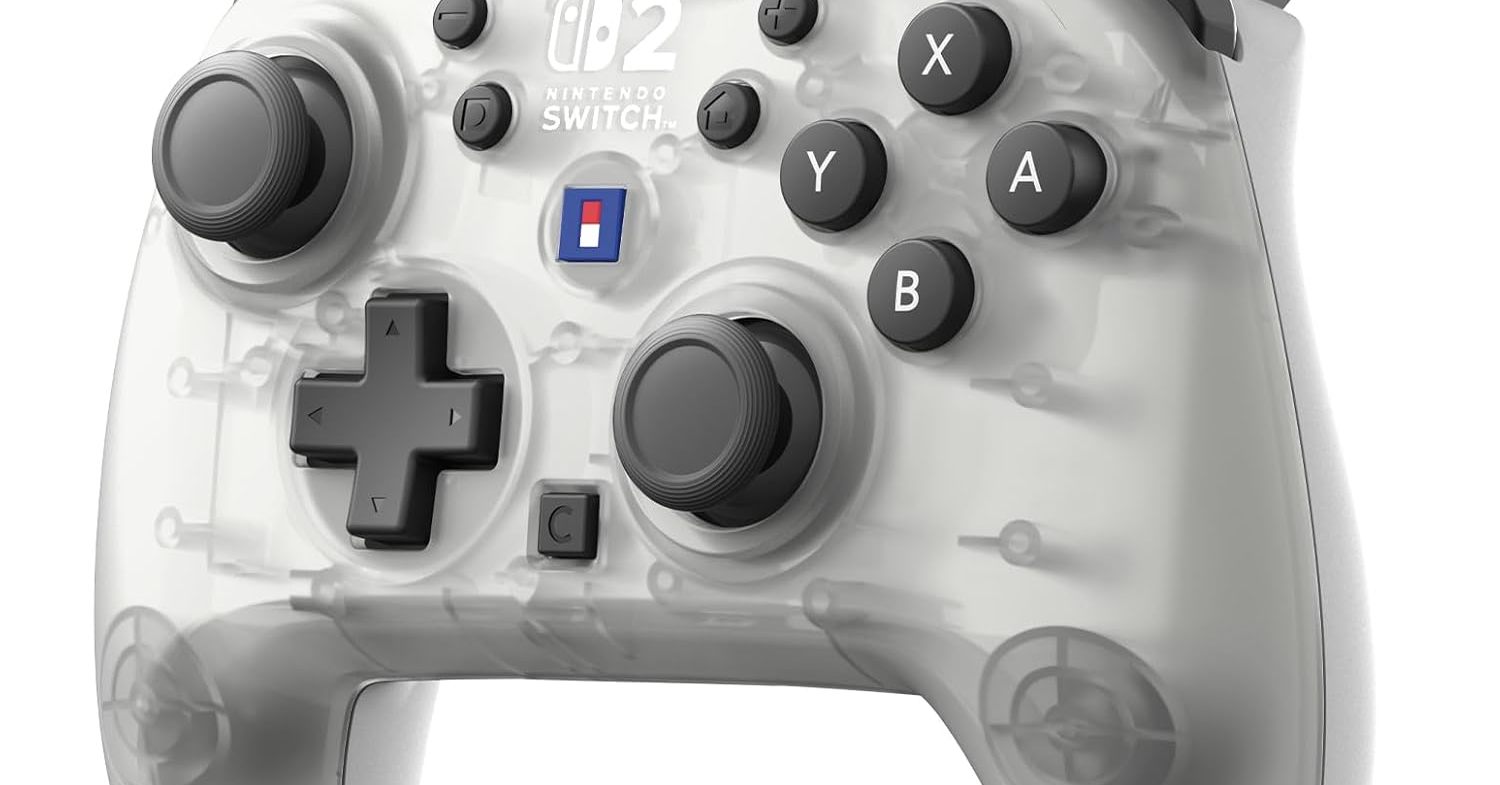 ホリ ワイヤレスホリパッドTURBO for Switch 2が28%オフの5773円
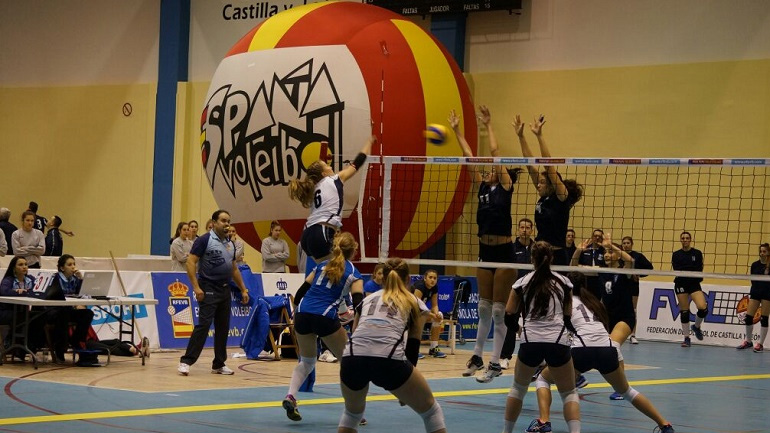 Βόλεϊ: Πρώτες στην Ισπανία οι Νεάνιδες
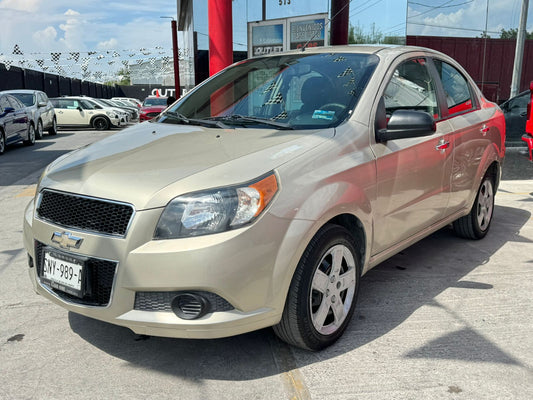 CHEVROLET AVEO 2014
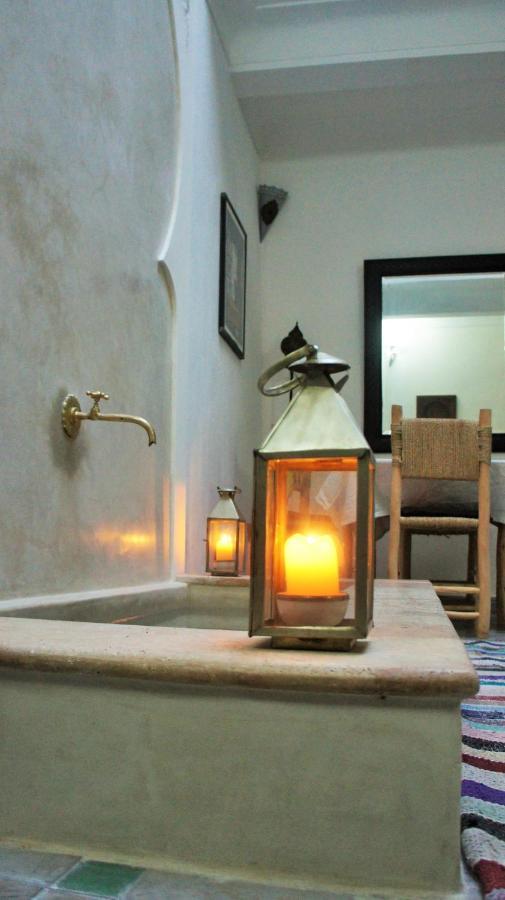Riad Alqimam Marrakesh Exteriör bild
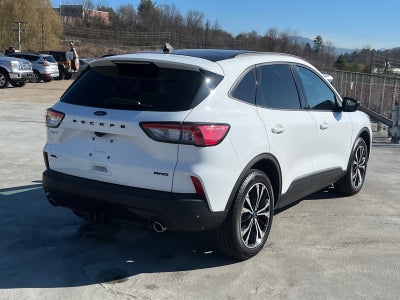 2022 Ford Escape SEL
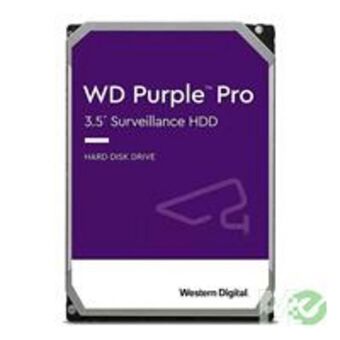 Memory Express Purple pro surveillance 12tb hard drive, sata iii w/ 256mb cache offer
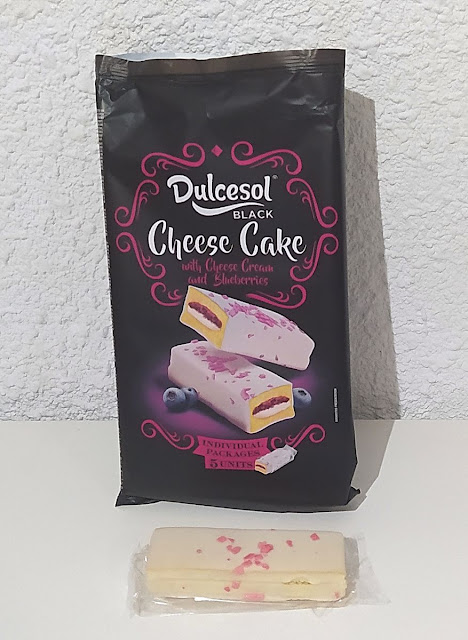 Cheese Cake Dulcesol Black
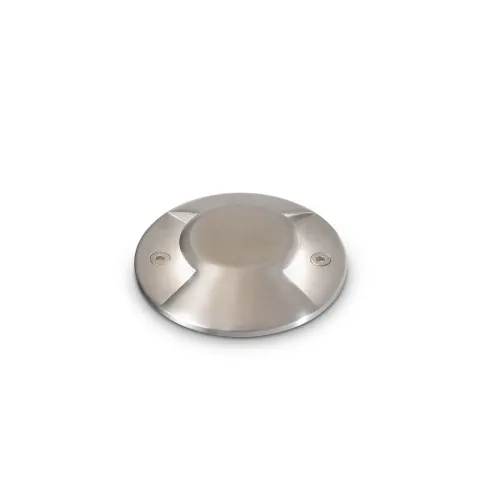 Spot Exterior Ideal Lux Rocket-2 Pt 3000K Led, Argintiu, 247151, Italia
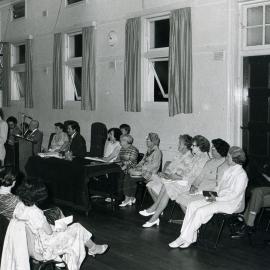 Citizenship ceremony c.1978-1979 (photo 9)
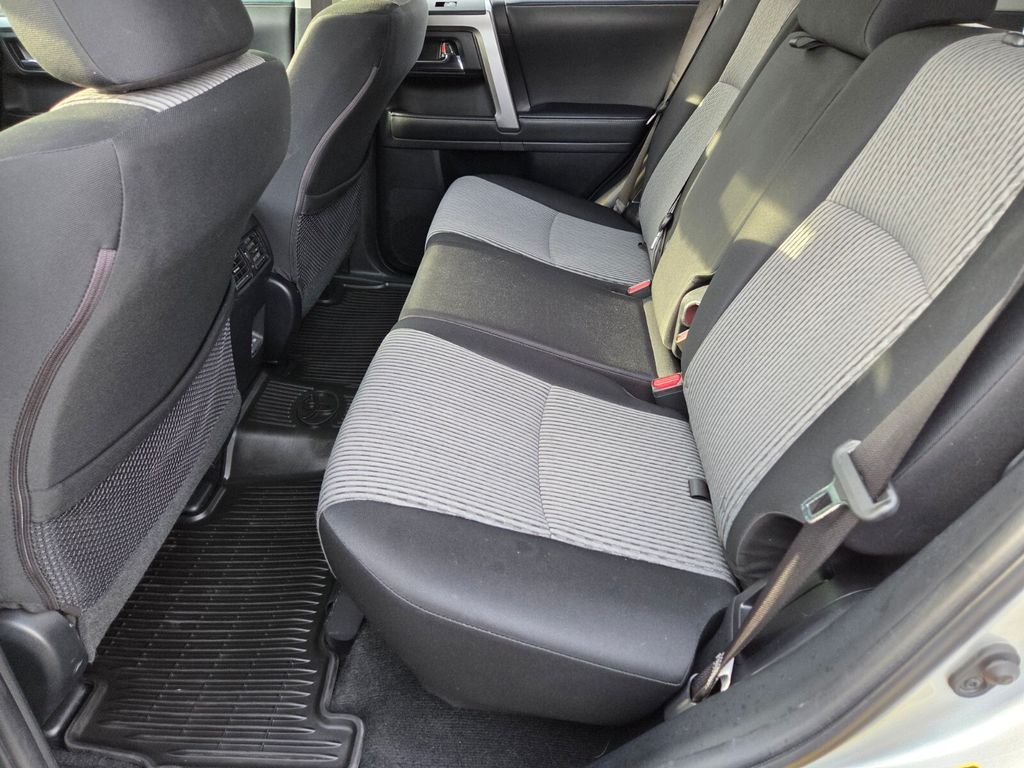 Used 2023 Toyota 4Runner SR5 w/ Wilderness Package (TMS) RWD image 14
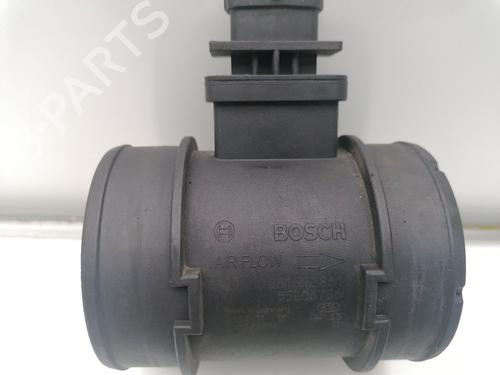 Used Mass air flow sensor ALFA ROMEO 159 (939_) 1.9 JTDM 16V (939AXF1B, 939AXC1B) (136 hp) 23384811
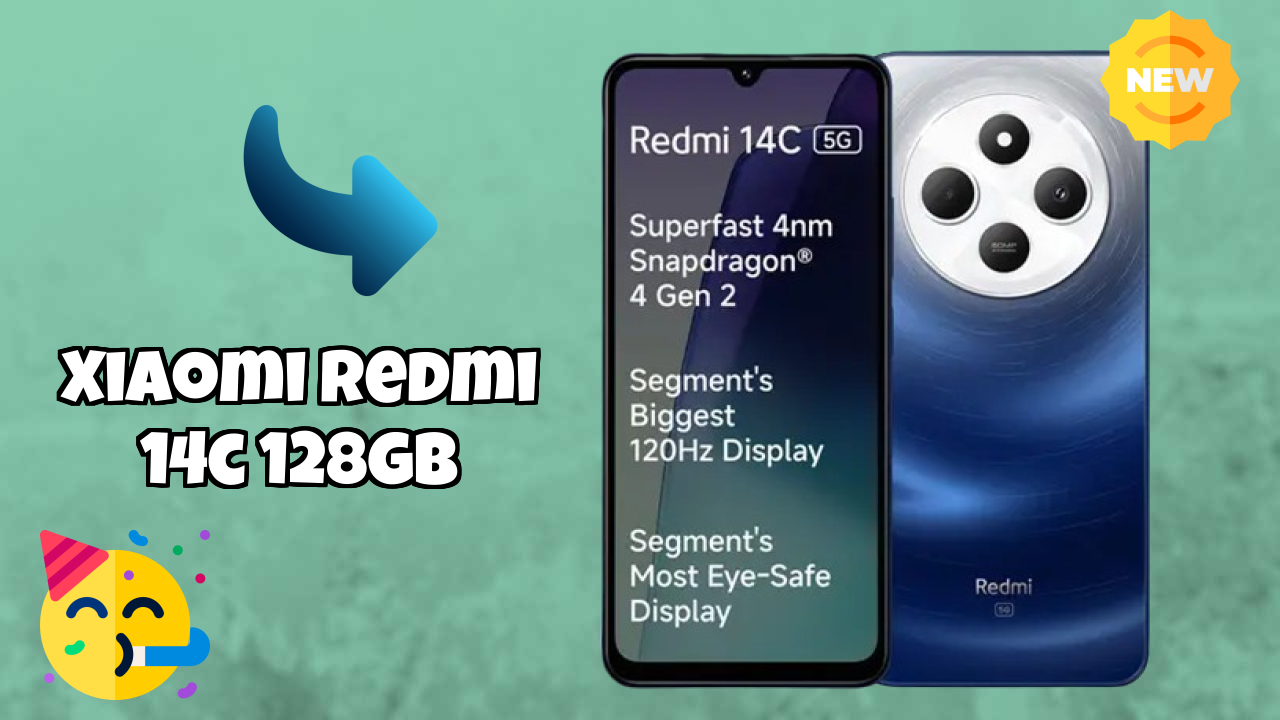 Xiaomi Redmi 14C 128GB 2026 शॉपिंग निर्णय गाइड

• • •

In the data above, please extract the lines from the first one through the line with "Cheese Cake Dulcesol Black", exactly, and keep pictures out.

TASK ANSWER:
 ホリ ワイヤレスホリパッドTURBO for Switch 2が28%オフの5773円
 Βόλεϊ: Πρώτες στην Ισπανία οι Νεάνιδες
 CHEVROLET AVEO 2014
Riad Alqimam Marrakesh Exteriör bild
 2022 Ford Escape SEL
 Memory Express Purple pro surveillance 12tb hard drive, sata iii w/ 256mb cache offer
 Cheese Cake Dulcesol Black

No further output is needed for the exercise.